The serotonin reuptake transporter (SERT) is responsible for the removal and recycling of the neurotransmitter serotonin from neuronal synapses and is an important pharmacological target for treating a variety of CNS disorders. However, excessive levels of extrasynaptic serotonin resulting from SERT inhibition can lead to serotonin toxicity, which manifests as a spectrum of adverse events (AEs) termed “serotonin syndrome” (SS), ranging in severity from mild to life-threatening. We hypothesized that, by performing a model-based meta-analysis (MBMA) of the data in the literature, the dose at which tremors (a characteristic manifestation of SS) occur could be predicted based on the pharmacokinetic properties and SERT inhibitory potency of a given drug.

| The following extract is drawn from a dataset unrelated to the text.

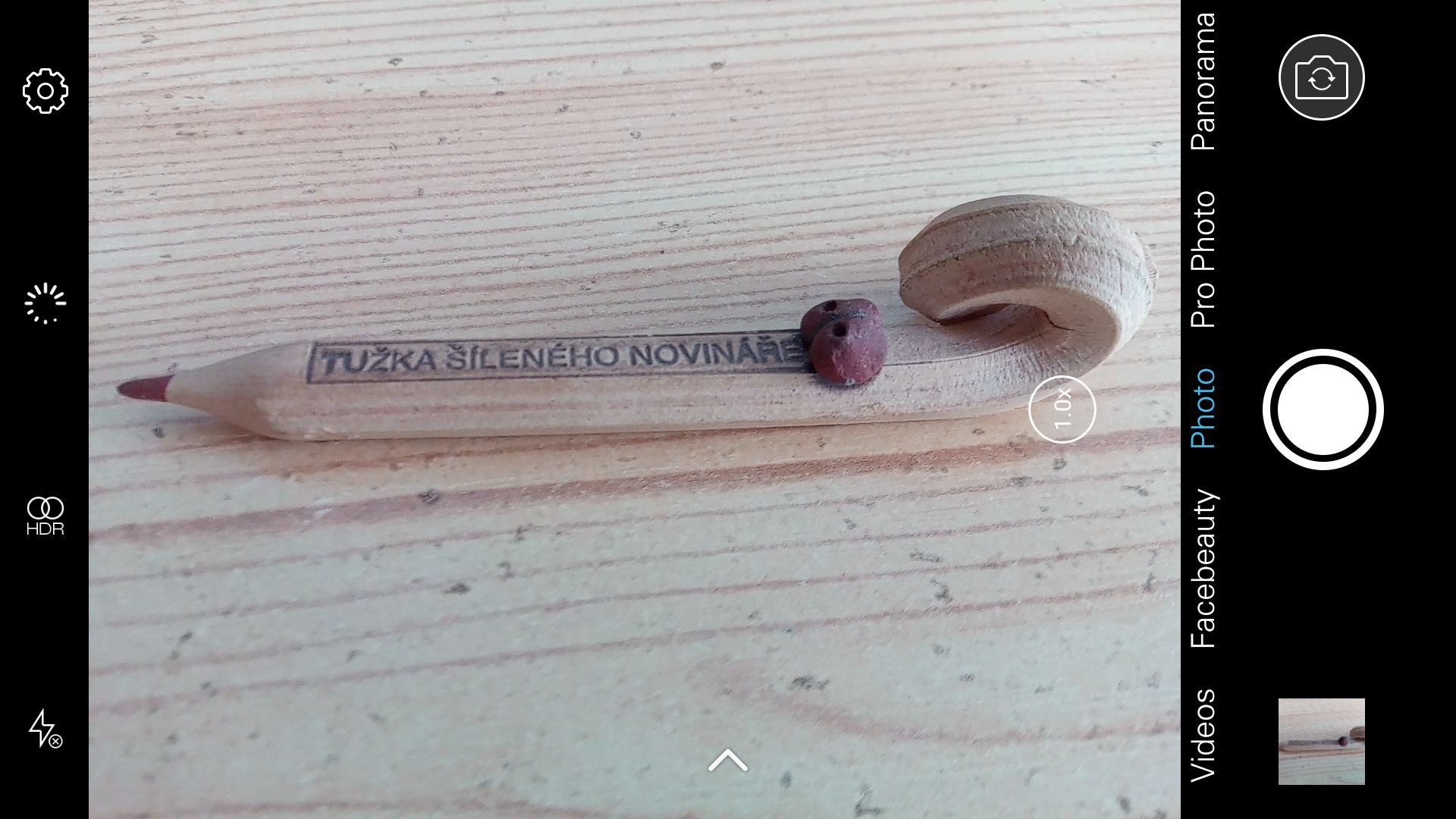 iGET BLACKVIEW GBV8000 Pro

To investigate the relationship between tremors and the predicted relative strength of SERT inhibition, a literature survey was performed to collate observed tremor data, pharmacokinetic parameters, and SERT potency data for known SERT inhibitors. Using these data for 20 SERT inhibitors, an Emax model relationship between tremor incidence and the ratio between brain unbound exposure and SERT IC50 was observed. The identified relationship provides a valuable tool to predict the likelihood of tremor incidence for investigational drugs with SERT inhibitory activity and to inform safety assessment and dose selection.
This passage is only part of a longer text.